そうだ、コイツは守られるだけの姫君じゃない―――
「ああ、その通りだ」
「うん、頑張っていこう。ちゃんと、還してあげる―――から」
さすがにそこだけは、語尾が震えた。
泣き出しそうな望美に耐えかねて、ヒノエが唇を奪う。
「んんっ・・・・・・」
強く一瞬だけ吸われて、それは呆気なく離れた。
望美は少し頬を紅潮させる。
ヒノエは満足げに笑う。
いつもの顔で。
(そうだ。還るまでにはまだ間がある。
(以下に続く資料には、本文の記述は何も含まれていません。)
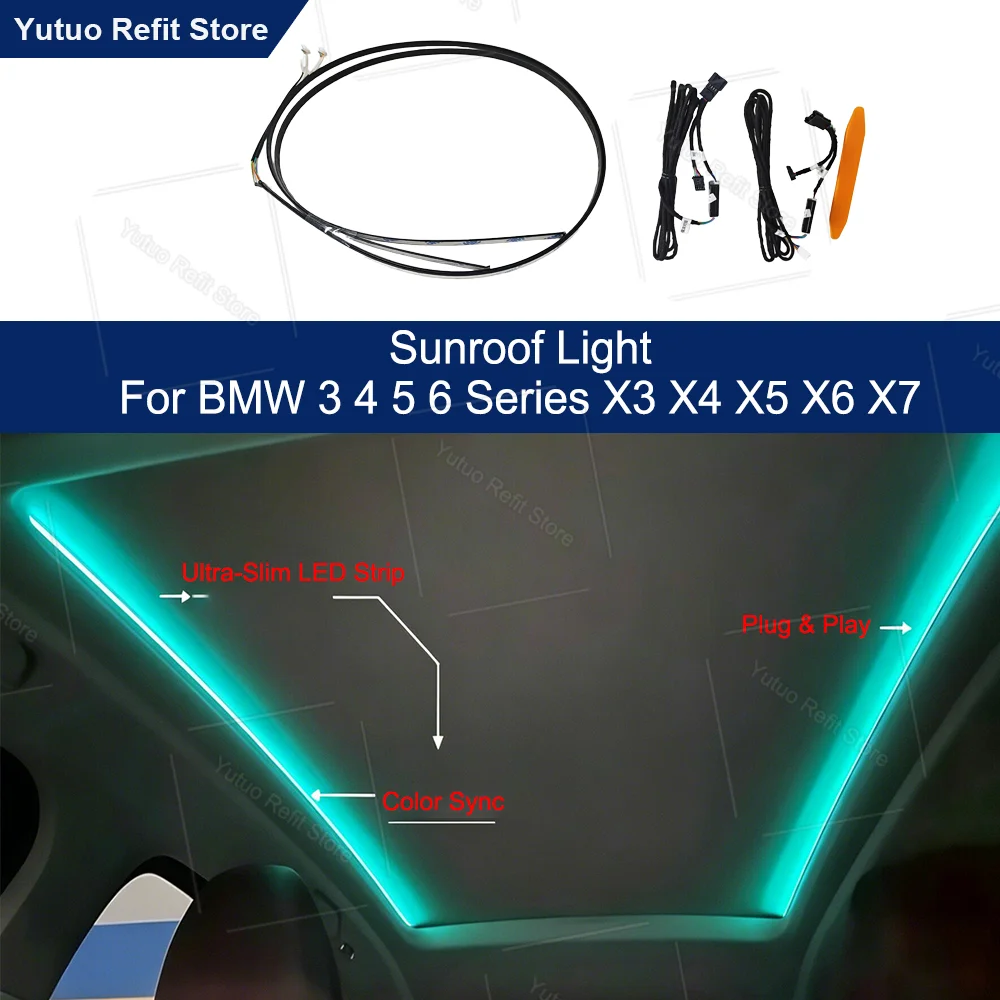 LED Sunroof Ambient Light For BMW 3/4/5 Series G20 G30 G01 G05 X3 X4 X5 X6 X7 IX3 GT7 Series Car Roof Panoramic Skylight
その間に決めることはできる)
望美を連れて還るか―――諦めるか。
後者は選択できる自信がなかったが。
愛しさは日々深まり、こぼれだす想いの丈はヒノエ自身にもはかれない。
自分と同じ目線に立てる。
守るだけじゃなくて、共に戦える。
他にこんな女はいない。
「・・・・・・慰めに来て、慰められちまったな」
「そ、そんなことないよ。ヒノエくんが来てくれなかったら、私―――」
自嘲気味の声に、望美は慌てた。
そう、ヒノエが来なかったら、こうして心を暖めてくれなかったら、凍り付いてしまった気がする。
動けないままだった。きっと。
「だといいけど」
「ほ、本当だよ!」
ふふっとヒノエは笑った。
少し身を引いたヒノエに、望美はヒノエが帰ろうとしている事に気づく。
・・・・・・・まだ、一緒にいたかった。
「ヒノエくん、その、入る?」
身体をずらして室内に誘ってみる。
ヒノエは一瞬驚き、次に悪戯っぽく微笑んだ。
「今日はやめとく。ブレーキが効かなさそうだからね」
「えっ・・・・・・」
望美が目を丸くしたのに、ヒノエはちょんと望美の胸をつついた。
「こういう事」
「やっ、ヒ・・・・・ヒノエくんっ!」
我に返った望美が羞恥と怒り半分に拳を振り上げたときには、ヒノエはもう有川家の木に飛び移っていた。
素早い。
「はは、お誘いは嬉しかったよ、姫君」
「そ、そういう誘いじゃないっ!」
望美は真っ赤になって言い返すが、ヒノエは取り合わない。
やがて、ふと、表情を改める。
「・・・・・・今日はありがとう、望美」
「え?」
「おやすみ、姫君!」
キスを投げると、そのままの勢いでヒノエは夜の闇に消えた。
取り残された望美は羞恥に頬を染め、帰って来た時とは全然違う気持ちでベッドに倒れこんだ。
『明日には明日の―――』
自分で言った言葉だが、今の状況にこれほどふさわしい言葉もないだろう。
何も分かっていない。少なくとも自分は。
ならば、進まなければ。
望美は静かに決意して、目を閉じた。